> DATA FOR REVIEW
################
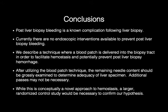Post-liver biopsy bleeding is a known complication following liver biopsy. Currently, there are no endoscopic interventions available to prevent post-liver biopsy bleeding. We describe a technique where a blood patch is delivered into the biopsy tract in order to facilitate hemostasis and potentially prevent post-liver biopsy hemorrhage. After utilizing the blood patch technique, the remaining needle content should be grossly examined to determine adequacy of liver specimen. Additional passes may not be necessary. While this is conceptually a novel approach to hemostasis, a larger randomized controlled study would be necessary to confirm our hypothesis.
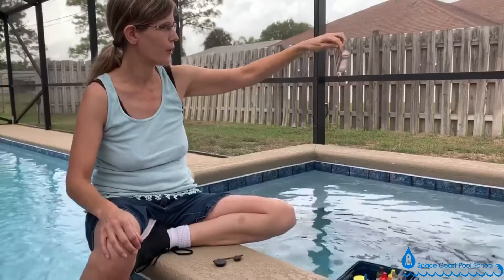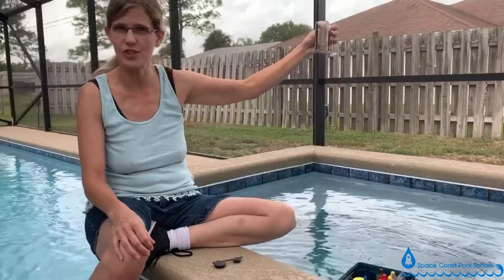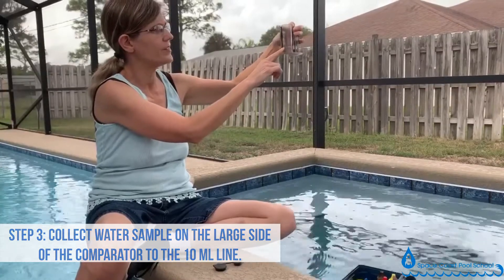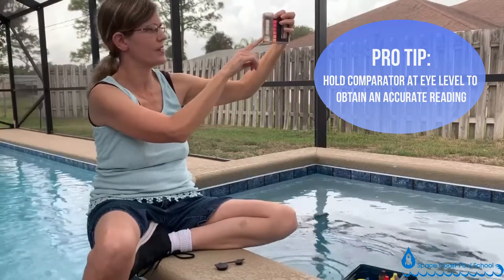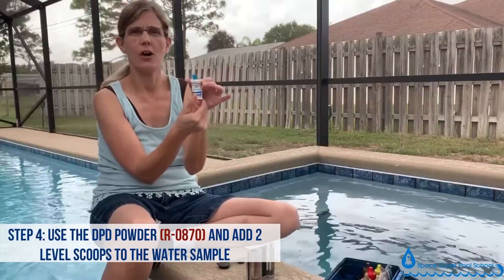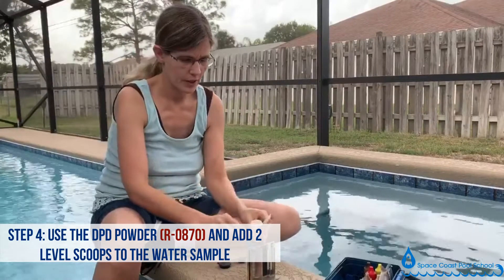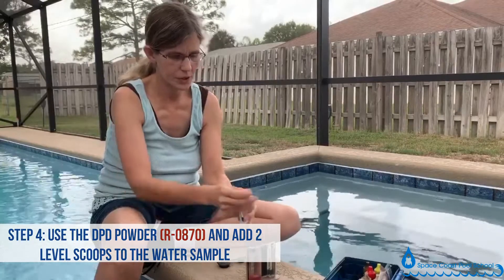I'm showing you the DPD powder test, which is a very accurate titration — a titrimetric test — for chlorine level. You collect your water sample on the large side of the comparator, drop the water level down to the 10ml line holding it eye level, making sure the curve of the water called the meniscus touches that line. Then take your powder R0870 in your scoop and add two level scoops into the water.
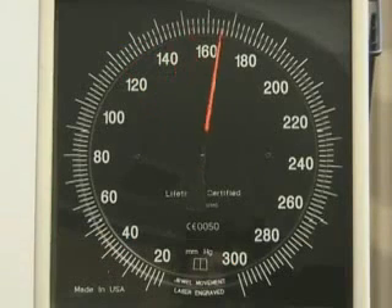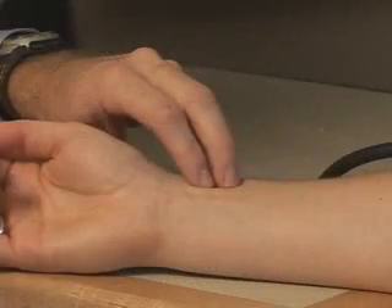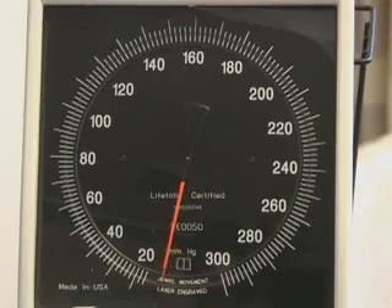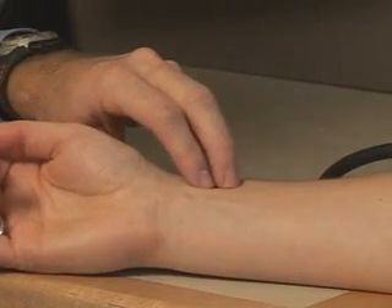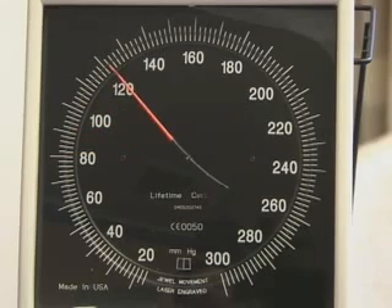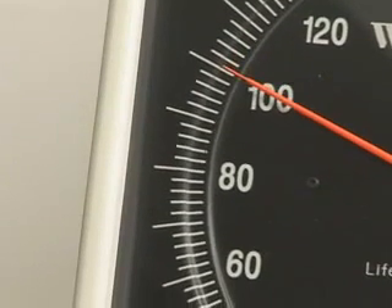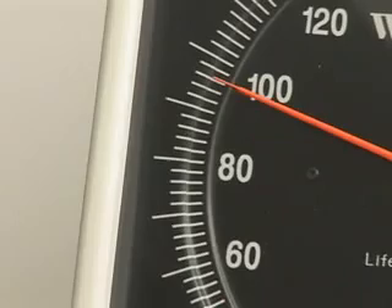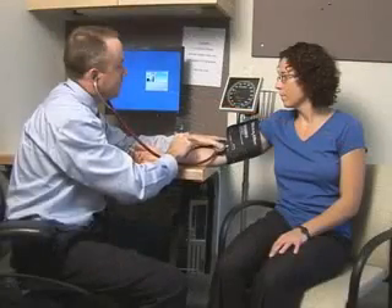Inflating the cuff to some arbitrary level runs the risk of excessive overinflation. To avoid this, determine the measurement of the pulse obliteration pressure. Rapidly inflate the cuff to 80 mmHg while palpating the radial artery pulse, then continue to inflate in 10 mmHg increments, taking note of the reading at which the pulse disappears. Then deflate the cuff at a rate of 2 mmHg per second, noting when the pulse reappears. Once the pulse obliteration pressure is determined, you are ready to measure the blood pressure.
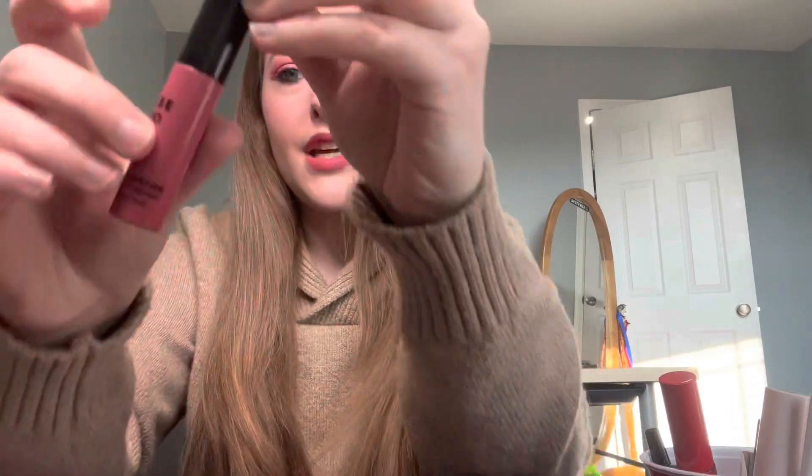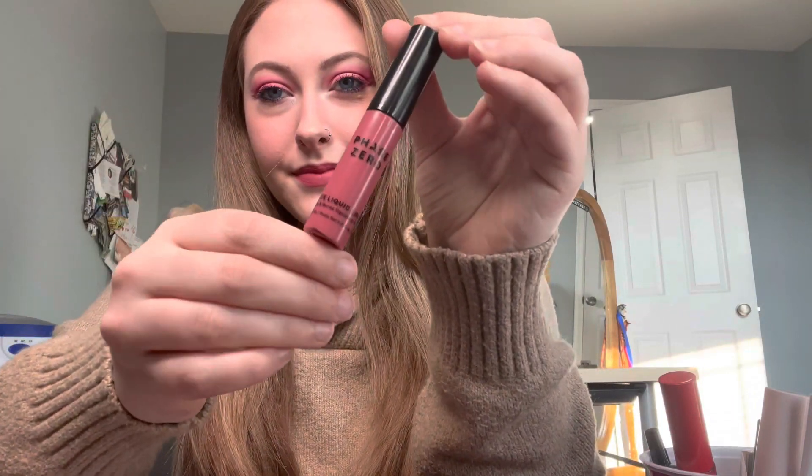I'm going to go ahead and touch up the top and then finish applying mascara — I might put false eyelashes on — and I'm going to do my lips and then I'll be right back. This is the finishing look. I just added mascara and more blush and lipstick. This is the lipstick I used, and this is the mascara. I hope you have a good day and I hope I see you next time. Bye.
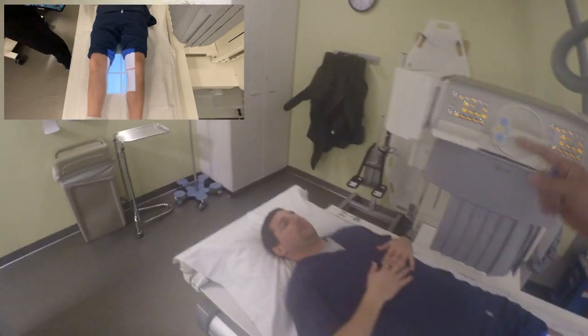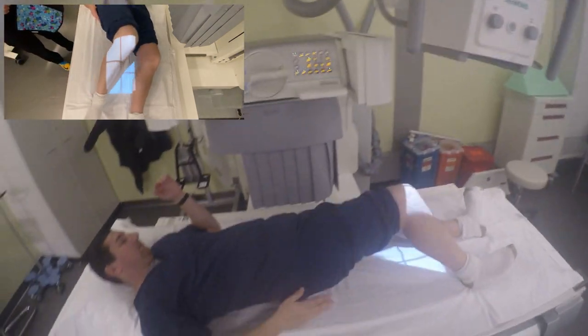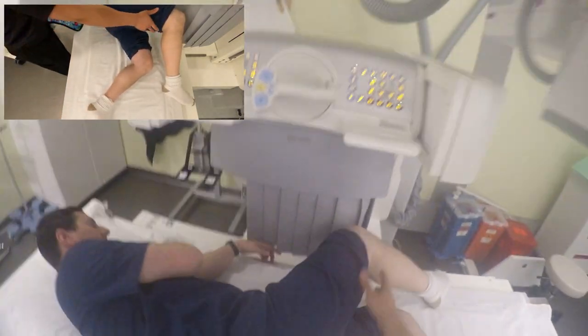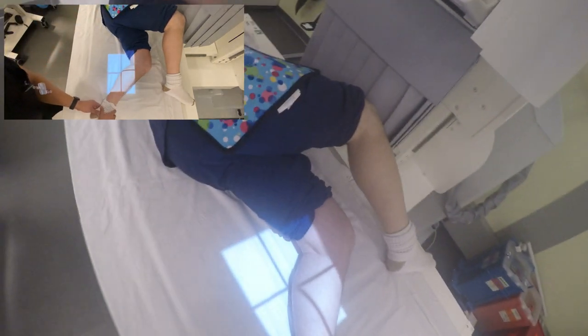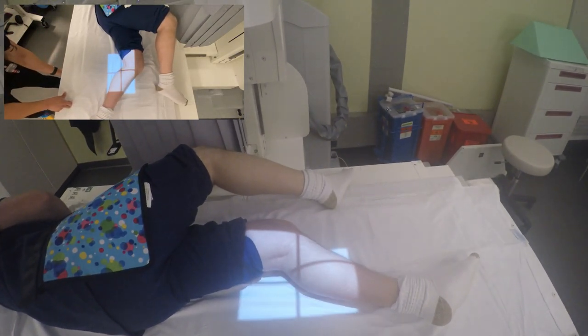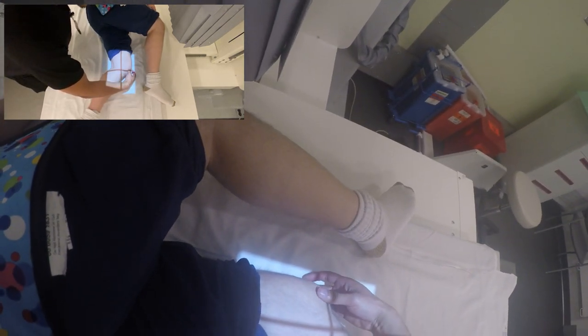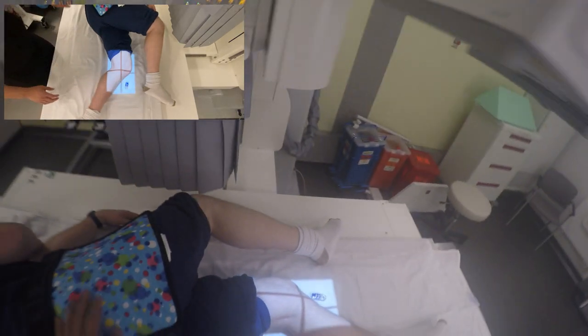Okay, relax. I need you to roll all the way onto your left side, away from me. You're going to kick your left leg behind you, right leg over. Kind of kick this leg back a little bit more — we're going to use this leg as kind of like a kickstand. There you go. Let's straighten this leg out just a little bit more. Rotate your hips forward a little bit. Good, right there.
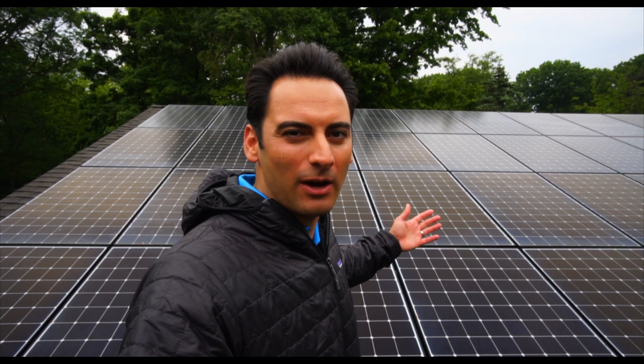Hey everyone, welcome back to the Powerhouse. If you've been here before, I'm sure you've seen my rooftop solar system, but there's one thing you haven't seen that I'm super excited about. I just finished it and I'm calling it the Power Shed. Let's go check it out.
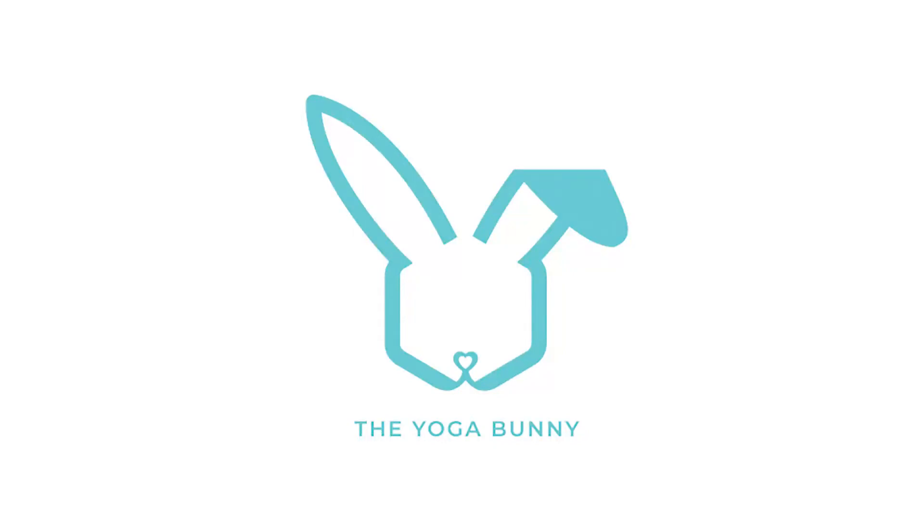This is a mindfulness of eating exercise, so you'll need a small food item such as a piece of fresh fruit, some dried fruit, or nuts. Press pause, grab your fruit or nuts, and press play when you are ready.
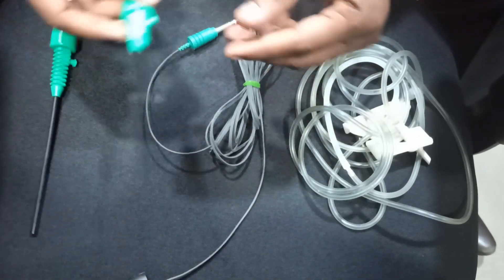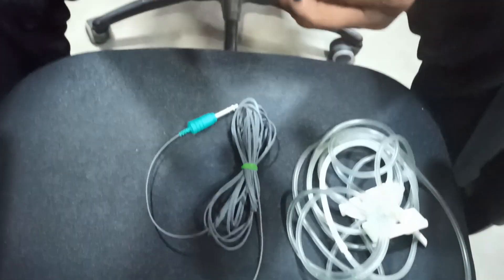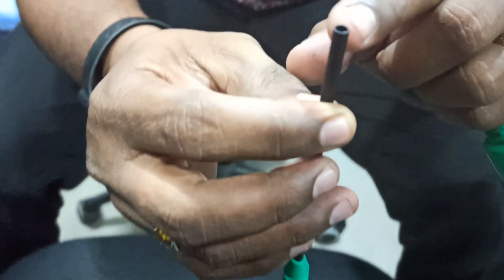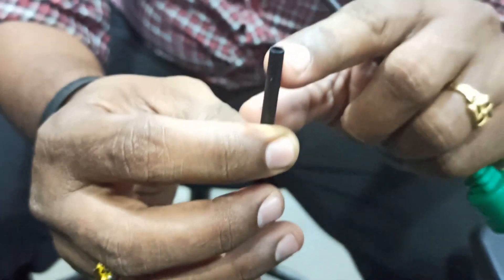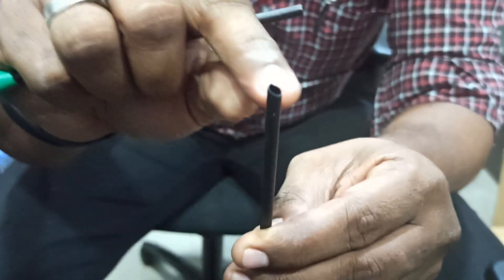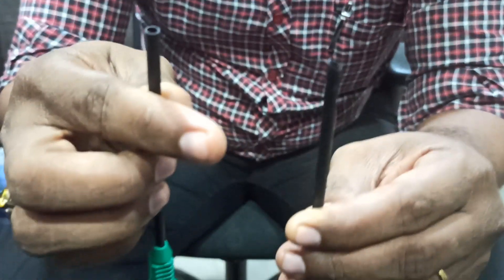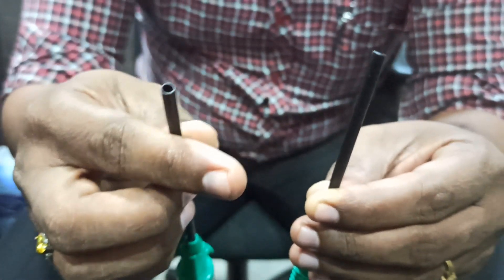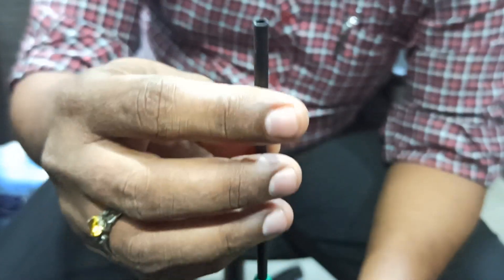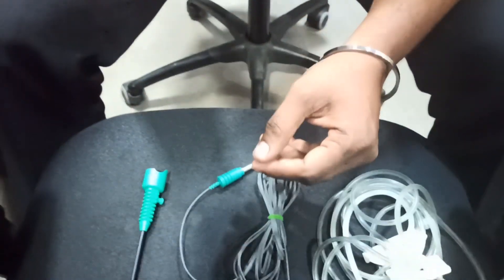First, take the scope sheath according to the scope. For example, this is zero degree — the angulation is flat, so this is zero degree. This other one is around 45 degree; you can see the cutting edge is 45 degree. So if you have a 45 degree scope you use the 45 degree sheath, and if you have a zero degree scope you use the zero degree sheath. Generally people will use the zero degree sheath.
################
> EXERCISE OBJECTIVE
Copy the records above exactly, leaving out every picture.

> EXERCISE ANSWER
Post-liver biopsy bleeding is a known complication following liver biopsy. Currently, there are no endoscopic interventions available to prevent post-liver biopsy bleeding. We describe a technique where a blood patch is delivered into the biopsy tract in order to facilitate hemostasis and potentially prevent post-liver biopsy hemorrhage. After utilizing the blood patch technique, the remaining needle content should be grossly examined to determine adequacy of liver specimen. Additional passes may not be necessary. While this is conceptually a novel approach to hemostasis, a larger randomized controlled study would be necessary to confirm our hypothesis.
I'm showing you the DPD powder test, which is a very accurate titration — a titrimetric test — for chlorine level. You collect your water sample on the large side of the comparator, drop the water level down to the 10ml line holding it eye level, making sure the curve of the water called the meniscus touches that line. Then take your powder R0870 in your scoop and add two level scoops into the water.
Inflating the cuff to some arbitrary level runs the risk of excessive overinflation. To avoid this, determine the measurement of the pulse obliteration pressure. Rapidly inflate the cuff to 80 mmHg while palpating the radial artery pulse, then continue to inflate in 10 mmHg increments, taking note of the reading at which the pulse disappears. Then deflate the cuff at a rate of 2 mmHg per second, noting when the pulse reappears. Once the pulse obliteration pressure is determined, you are ready to measure the blood pressure.
I'm going to go ahead and touch up the top and then finish applying mascara — I might put false eyelashes on — and I'm going to do my lips and then I'll be right back. This is the finishing look. I just added mascara and more blush and lipstick. This is the lipstick I used, and this is the mascara. I hope you have a good day and I hope I see you next time. Bye.
Okay, relax. I need you to roll all the way onto your left side, away from me. You're going to kick your left leg behind you, right leg over. Kind of kick this leg back a little bit more — we're going to use this leg as kind of like a kickstand. There you go. Let's straighten this leg out just a little bit more. Rotate your hips forward a little bit. Good, right there.
Hey everyone, welcome back to the Powerhouse. If you've been here before, I'm sure you've seen my rooftop solar system, but there's one thing you haven't seen that I'm super excited about. I just finished it and I'm calling it the Power Shed. Let's go check it out.
This is a mindfulness of eating exercise, so you'll need a small food item such as a piece of fresh fruit, some dried fruit, or nuts. Press pause, grab your fruit or nuts, and press play when you are ready.
First, take the scope sheath according to the scope. For example, this is zero degree — the angulation is flat, so this is zero degree. This other one is around 45 degree; you can see the cutting edge is 45 degree. So if you have a 45 degree scope you use the 45 degree sheath, and if you have a zero degree scope you use the zero degree sheath. Generally people will use the zero degree sheath.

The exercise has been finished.